Britain Has Gained Nothing From Joining The Iraq War… And That’s Official  by Richard Heller  published Tribune 10 Nov 2006

 

“What benefits has Britain gained from joining the Iraq war and occupation?”  The answer is none. The Foreign Office told me so.

 

I put the simple question to each member of Tony Blair’s Cabinet last August and it them into a quandary although they have had over three years to think about it.

 

I waited a long time for any reply.  First to speak was Hazel Blears, Chair of the Labour Party, who sent me a fatuous and misleading automatic reply strewn with errors of English which were a poor advertisement for Labour’s education policies.

 

Next came Mr James Sherwin from the Directorate of Joint Commitments, Iraq, in the Ministry of Defence.
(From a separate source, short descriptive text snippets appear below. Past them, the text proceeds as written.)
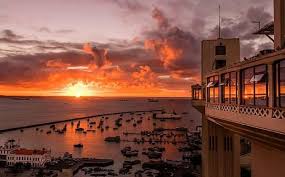 O elevador lacerda, primeiro elevador urbano do mundo, está ativo e bastante funcional até hoje. Salvador Foi O 3Âº Destino Mais Buscado Do Kayak No Brasil Jornal Correio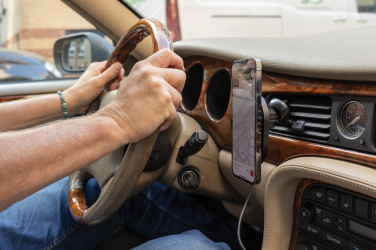 Logotrade reklaminės dovanos nuotrauka: „PowerCruze RCS“ plastikinis 15 W magnetinis automobilio laikiklis su įkrovimu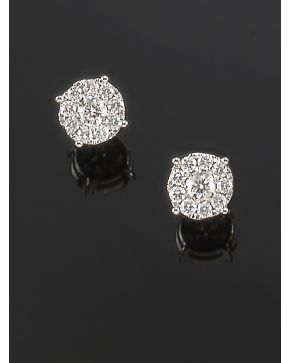 847-PENDIENTES DE BRILLANTES con uno central de mayor tamaño. sobre una montura de oro blanco de 18k. Peso total de los brillantes: 0.60 ct. aprox.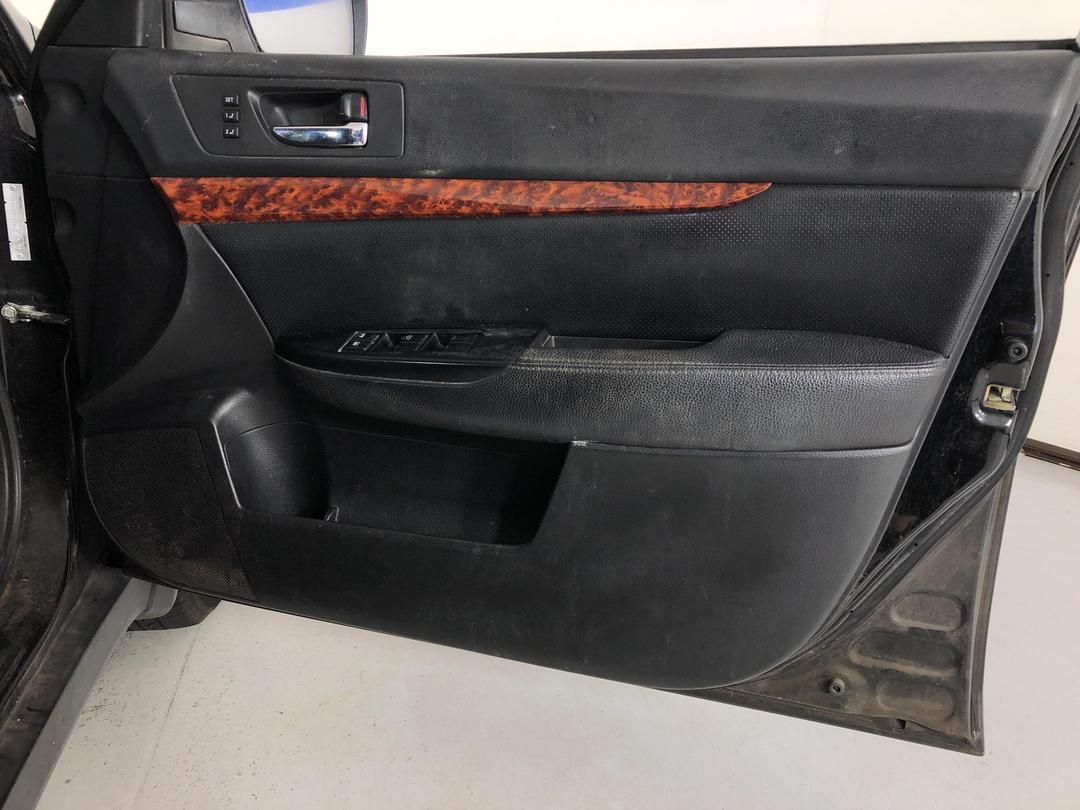 Photo '13' of Subaru Outback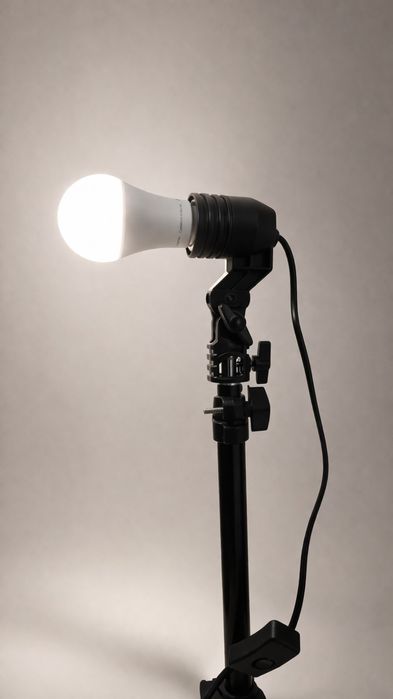 Мини штатив + патрон е27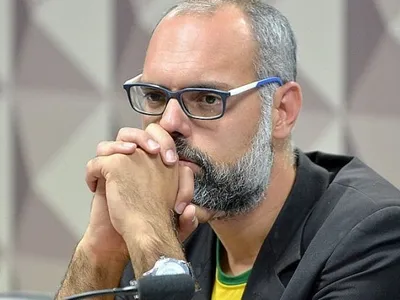 Blogueiro Allan dos Santos vira motorista por aplicativo nos EUA: 'Prioridades, contas'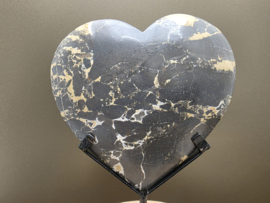 Zwarte jaspis hart uit Indonesie op standaard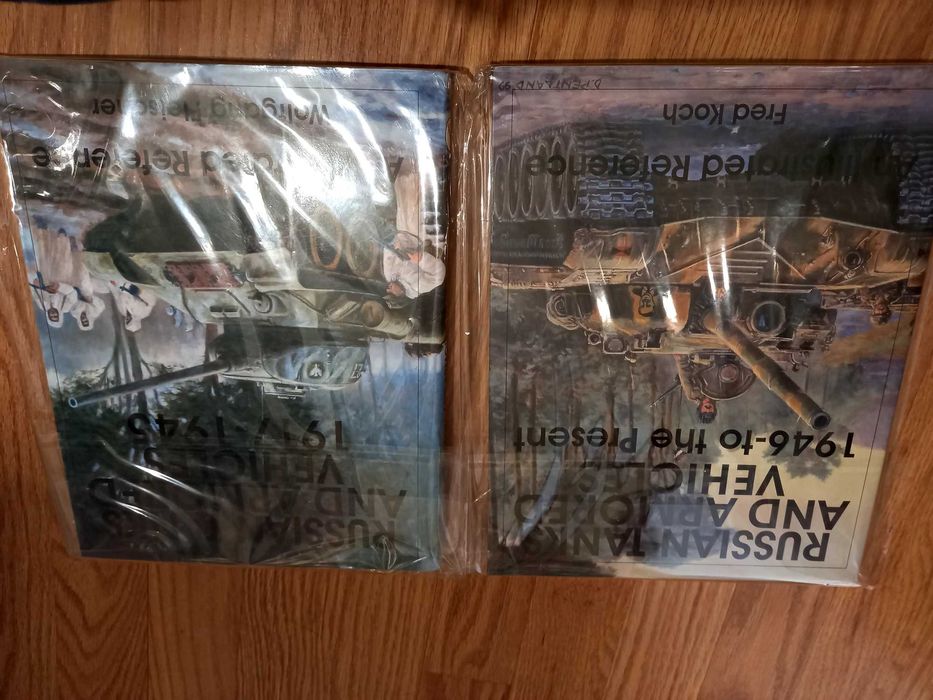 Militaria Russian Tanks and Armored Vehicles - 2 volumes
He was more coherent than Hazel Blears  but largely irrelevant. He said that ministers still believed that it was right to remove the threat from Saddam Hussein (but was he a threat and was it necessary to go to war to deal with it?) He also suggested that Iraq and the Middle East and the wider world may become a better place for Saddam’s removal  (note: may become, not had become).

 

These were not compelling evidence of benefits to Britain  from joining the Iraq war. But they were then demolished by a letter from Mr Ian Paterson of the Iraq Policy Unit of the Foreign and Commonwealth Office. He told me: “material benefits were never a consideration in taking the decision that British forces should participate in the military action in Iraq. The decision was based on the failure of Saddam’s regime to cooperate with the United Nations Security Council’s lawful demands to disarm and to cooperate with international inspectors which were contained in several UN Security Council resolutions.”

 

So that is why we invaded Iraq. We never expected or wanted any benefit for our country. We did it purely for love of the UN – to enforce its resolutions. The UN did not ask us to invade Iraq, and it even refused us a second resolution to authorize us to do so. But we loved the UN so much that we decided to invade Iraq anyway.

 

I would not like to give Mr Paterson’s reply to soldiers wounded or maimed in Iraq, or to the families of those killed there.  Perhaps that is why Tony Blair is so reluctant to meet them.

 

I do not reproach Mr Paterson: he is a civil servant, and civil servants often have to put their name to drivel on behalf of the government. However, his letter, and the entire government response to my question are a demonstration of bankruptcy. The government cannot think of any benefits to offset the costs of the war to our country or to justify the burden we have put on our forces.  

 

The war was supposed to make Britain safer. Instead we have more enemies than ever before. There is no country in the world where Britons are safer after the Iraq war – and that includes our own. The demands of the war have harmed our ability to deal with serious threats elsewhere, including Afghanistan, North Korea and Iran.  

 

The war was supposed to prevent Iraq giving support to terrorists. It is now a haven for terrorists of all kinds, and a major source of recruits and supplies.

 

The war was supposed to make Iraq a stable democracy. Iraq is now a charnel house, where the dead cannot be buried or counted and the living cope with the daily fear of robbery, extortion, kidnapping, rape, torture and murder. If Iraq ever becomes a working democracy its people, after their experience of occupation, are likely to hate our country and its allies and values for many years.

 

The war was supposed to give Tony Blair great influence over President George W Bush, although that was never a lawful or a moral reason for invading Iraq. But he has had no worthwhile influence on Bush’s policies and our forces have suffered from American failures and errors. As always, their fate is in American hands: if the Bush administration stays in Iraq, they stay, if it decides to cut and run we cut and run with them.

 

In war the British people normally come together and trust their government. Not in the Iraq war, which has divided our country and alienated entire communities from the British state itself. The British people have lost trust in their government, even when it tells the truth. This division and distrust have weakened all of Britain’s efforts against terrorism, at home and abroad.

 

The Iraq war has done nothing but harm to our country. We were propelled into it by a Prime Minister who has consistently refused to recognize the damage it has caused and who takes refuge in fantasy and false heroics. Reality never interferes with his vision of himself as a lonely King in Lord of the Rings, fighting for a good cause against the massed ranks of enemies and mockers.

 

Our country, and its armed forces in particular, will continue to suffer from the Iraq war until we get a Prime Minister with the courage or the common sense to admit that it was a giant mistake.